Facebook and Instagram shopfronts

Social will become the dominant sales platform

There was a time where marketers viewed social media mainly as a ‘brand awareness’ channel, but this view has drastically changed. The full potential of social media is becoming continuously apparent and the pandemic has only exemplified this. We are likely to see social media shopfronts take centre stage this year, allowing such platforms to dominate the world of ecommerce and replace branded websites as the ultimate destination for transactions. Networks such as Facebook and Instagram are investing a huge amount into simplifying the purchase journey on social media without users ever having to leave the platform. This is an extremely smart move, as it makes for a better user experience by creating a simple, seamless sales process – while also retaining users on the platform. Win-win! With social commerce continuing to grow in 2021, brands will have to adapt to these platforms with new rules, features and refined buyer journey mapping. Platforms are looking no further than the king of ecommerce, Amazon, who has enjoyed substantial success throughout the pandemic. For those lucky enough to have experienced their genius one-click purchase journey first-hand, it’s understandable why this model continues to lead the way in the world of ecommerce.


Reporting dashboards

Data, data and more data

In a time where we have endless data at our fingertips, there is really little excuse to not use it. This year will be all about performance analytics. Gone are the days of dull Powerpoint presentations featuring amalgamated figures extracted from different systems, softwares and spreadsheets to report on performance. Marketing decisions will be largely guided by centralised, streamlined, quickly accessible data. Dashboards are likely to become the norm in boardrooms, providing a full 360-degree view of the business, it’s employees, customers, competitors – the list goes on. And it’s not just about quantity, but quality of data. New and better ways of evaluating user experience will also emerge, with instant measurability of key performance indicators to help guide marketing decision-making. What’s more, 2021 will be the biggest year for digital-driven, data-first marketing. Brands that are not already thinking with their digital hats on above all else will be playing catch up this year to keep up with market demands.
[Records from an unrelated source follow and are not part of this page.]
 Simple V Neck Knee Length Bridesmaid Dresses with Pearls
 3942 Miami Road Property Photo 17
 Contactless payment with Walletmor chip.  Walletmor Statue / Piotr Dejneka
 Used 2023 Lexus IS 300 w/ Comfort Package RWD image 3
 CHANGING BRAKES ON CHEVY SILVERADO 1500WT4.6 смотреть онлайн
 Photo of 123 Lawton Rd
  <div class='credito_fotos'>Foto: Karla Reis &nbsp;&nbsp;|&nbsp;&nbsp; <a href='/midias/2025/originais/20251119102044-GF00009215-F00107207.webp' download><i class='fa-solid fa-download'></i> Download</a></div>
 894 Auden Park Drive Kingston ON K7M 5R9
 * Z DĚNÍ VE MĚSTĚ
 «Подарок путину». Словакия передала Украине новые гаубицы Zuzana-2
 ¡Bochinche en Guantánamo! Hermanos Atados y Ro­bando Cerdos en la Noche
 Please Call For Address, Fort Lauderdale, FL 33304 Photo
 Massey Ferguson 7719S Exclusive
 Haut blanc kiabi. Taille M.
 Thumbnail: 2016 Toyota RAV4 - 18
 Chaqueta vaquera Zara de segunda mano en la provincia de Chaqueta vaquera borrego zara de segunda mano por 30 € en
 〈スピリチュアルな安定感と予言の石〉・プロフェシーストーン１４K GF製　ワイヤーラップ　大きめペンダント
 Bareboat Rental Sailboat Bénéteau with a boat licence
2020 was a challenging year for all businesses and the unpredictable nature of the pandemic has presented us with a great opportunity to adjust the way we engage with our stakeholders, both internally and externally. The multiple lockdowns drove the trend of virtual working, connecting and consuming, which has ultimately led to the need for creating more human experiences through technology. This year, the key is to remain optimistic, listen to our customers and make the necessary changes to drive our brands forward. But most importantly, believe that better times await. By working together, embracing the exciting opportunities that have come out of such a challenging time and ultimately strive for better, things will start to improve as we move through the year.